Шкловский сообща с автобиографическим персонажем устанавливает взаимосвязь между любовью и писательством, как ни назови эту взаимосвязь – сублимацией, обольщением или местью[703]
. Он намерен противопоставить слова своему поражению в романтической любви, создать нечто, что психологически отвлекло бы его от любви, – от темы, которую он все же, посредством иронии и метафор, протаскивает в текст контрабандой в обход обоих запретов. Любовь всплывает повсюду, как мотивировка и подтекст каждого слова о Берлине, зоологическом саде, литературе или технике. И сколько бы Шкловский ни сетовал на оковы литературной традиции, его роман завораживает нас своим оригинальным смешением теории литературы с фактами и вымыслом[704]. То, что он, столкнувшись с кризисом литературы, сумел написать о любви, схоже с тем, как Блок в «Балаганчике» затронул одновременно два кризиса – кризис театра и кризис позднего символизма.Гинзбург так никогда и не подвергла «Zoo» пространному анализу, но отметила уместность завуалированного описания любви у Шкловского: «Эротическая тема в своем чистом виде не может быть для нас в настоящее время достаточной. Характерно, что в „Zoo“ Шкловский все время подпирает любовь профессией. Аля шествует под прикрытием формального метода и автомобилей»[705]

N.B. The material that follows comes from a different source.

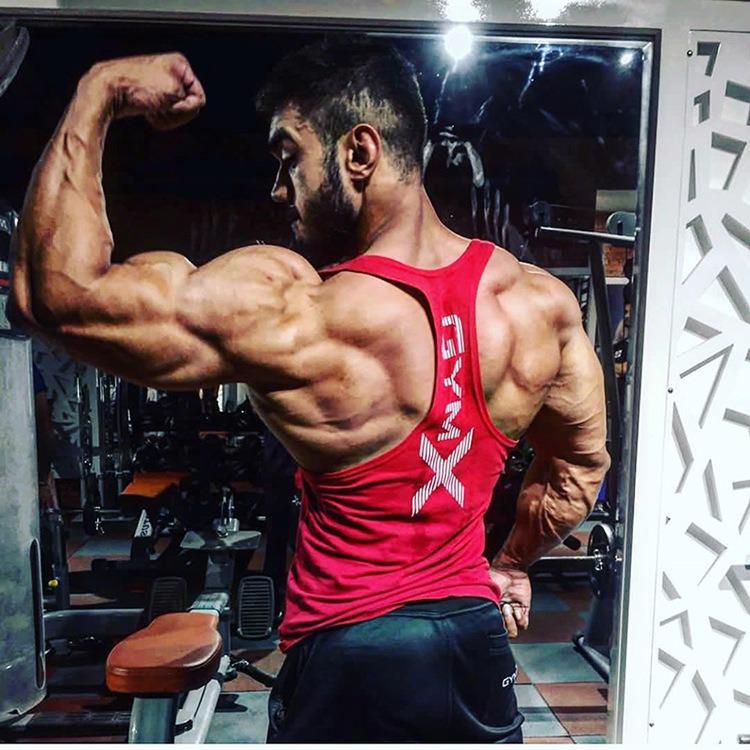 Men's Quick-Dry Sleeveless Muscle Fitness T-Shirt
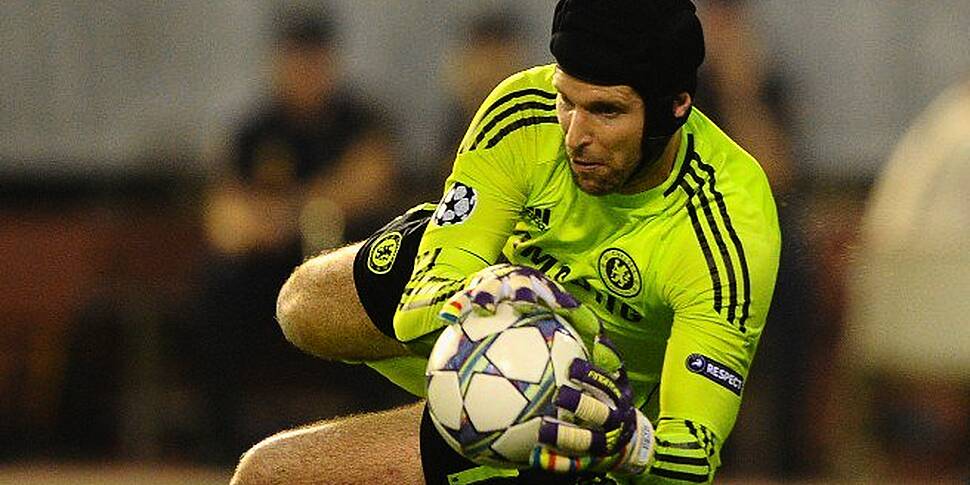 Cech On The Way To The Bernabe...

. Но она не трактовала эти метафорические подмены как только игру и улавливала в книге Шкловского (как и в теориях Вейнингера) подспудные эмоции[706].Другой современный русский писатель, чью трактовку темы любви Гинзбург тогда внимательно изучала, – ее друг Николай Олейников. В 1933 году она проделала в записной книжке анализ его баллады «Чревоугодие»[707]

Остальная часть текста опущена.